Today, Cheekd is used in 28 countries and Lori’s built a further two apps using a similar concept and the same technology. “Cheekd has been the most powerful thing that’s ever happened to me,” Lori says, “I’ve gone from 16 years of helping others build their dreams, to having a life that’s finally dedicated to building my own. It’s the most rewarding feeling.”

 

Jernej Fuzir & Mitja Mavsar, Blub Blub – children’s speech therapy app

“We had no offices, no funds, just high hopes and a strong mission to help kids learn to speak.” – Mitja Mavsar, co-founder at Speech Blubs.

The children’s speech therapy app, Blub Blub, would not exist today were it not for the severe speech impediment that held founder, Jernej Fuzir back in school when he was growing up.

A lack of speech therapists combined with a 63% increase in disabilities associated with speech problems, mean that some children are waiting up to two years for their first speech therapy session. At such an important stage of their developmental growth, two years is a very long time.

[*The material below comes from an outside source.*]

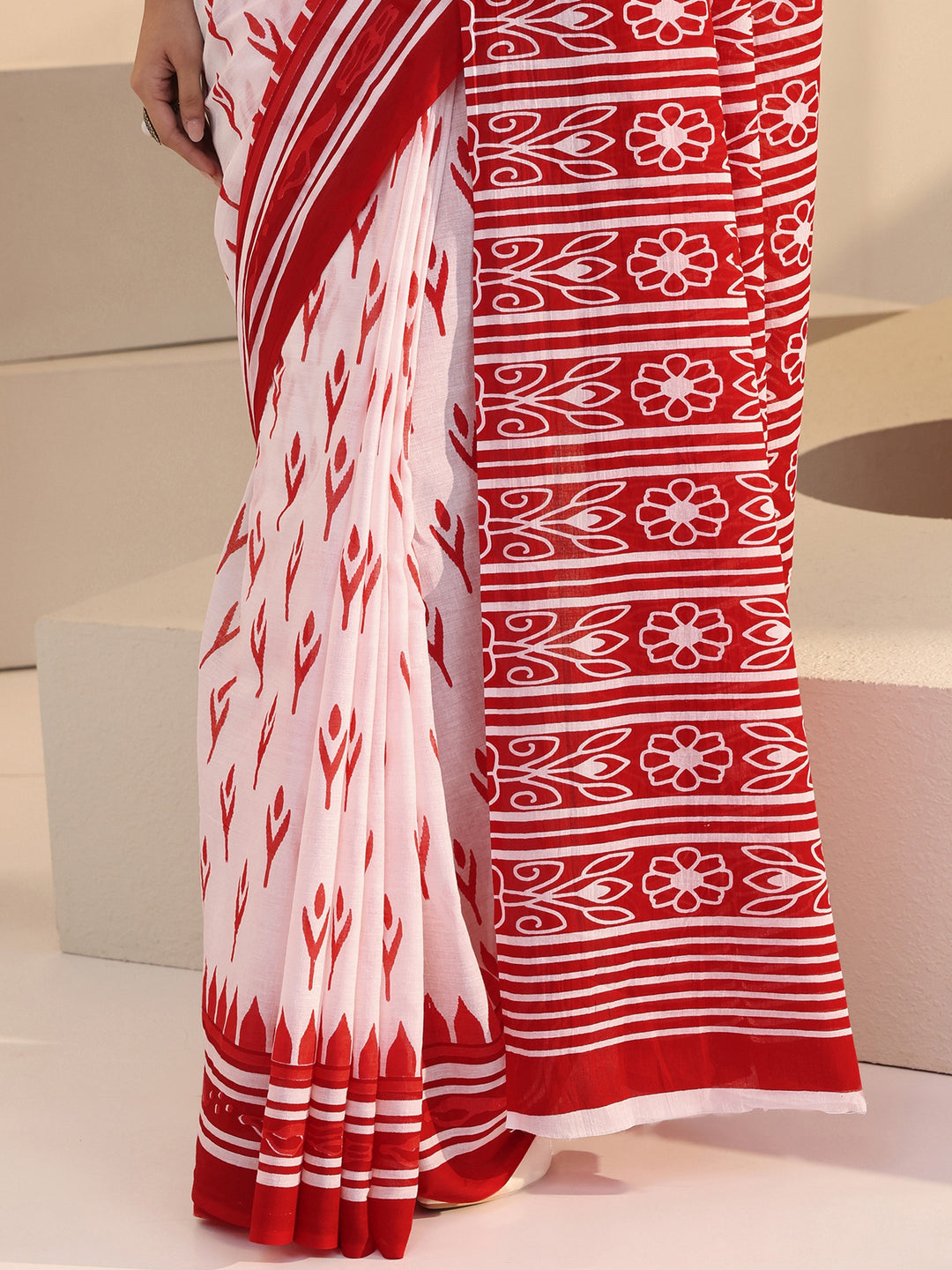  White Floral Print Cotton Saree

Now in its second year, Blub Blub is fast approaching £1.9 in revenue and grows 20 – 40% every month. It has been voted one of the top 10 apps for kids on the App Store, alongside well-known brands such as Disney, YouTube Kids and Age of Learning. With 20,000 paying subscribers, things are going well.

At the beginning of their journey it was necessary to make compromises to ensure their limited resources were worked to their advantage. Originally, they’d planned to fill the app with animated films from which children would learn, but with no animators available in their town, they had to think of an alternative. While rethinking their options, they came across research that found that children learn exceptionally well from other children, so changed the content from animations to video. So now when children use the app, they mirror speech patterns that other children perform on videos.

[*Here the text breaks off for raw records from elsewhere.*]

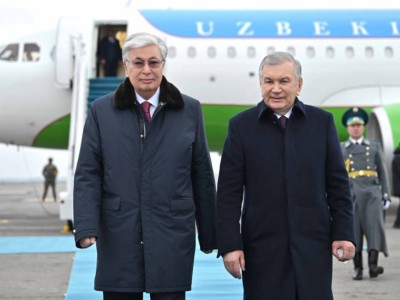 
                    Шавкат Мирзиёев прибыл с рабочим визитом в Казахстан
                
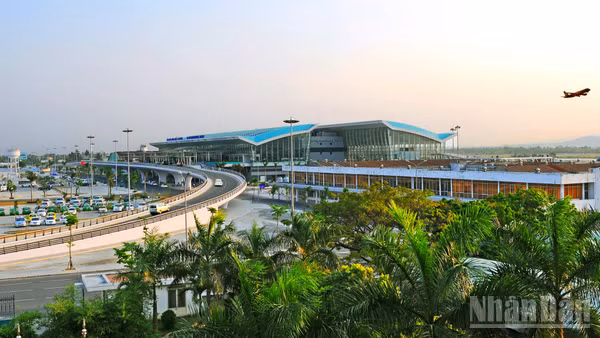 Cảng hàng không quốc tế hiện hữu.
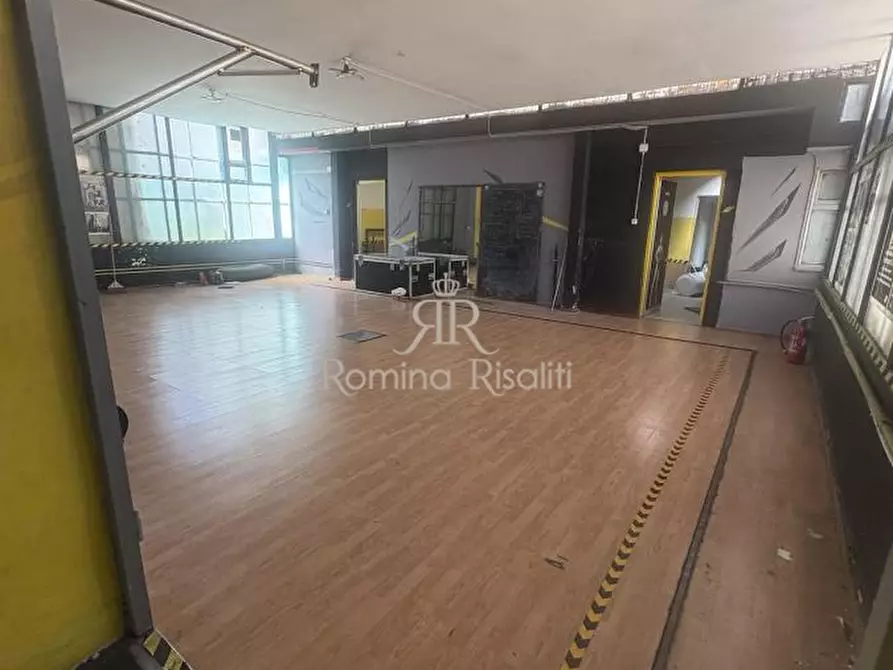 Immagine 10 di Negozio in vendita  a Livorno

Thousands of positive parent testimonials show that kids are making real progress – some going from three words to hundreds in a matter of days. Mitja tells us that it’s been particularly effective with children who have Down’s syndrome, apraxia and autism, and today over 30,000 speech therapists use the app in clinics and classrooms.

When the time came to find investors and scale the business, Mitja tells us that it all went surprisingly fast and they were able to close their seed round in a couple of months.

“We had it all, a well-prepared pitch, a dedicated founder’s team, a predictable business model, and, we were already generating revenue with a product that is solving a real-life problem. That’s a super rare thing, there are many companies out there without a powerful mission and with a low intrinsic value.”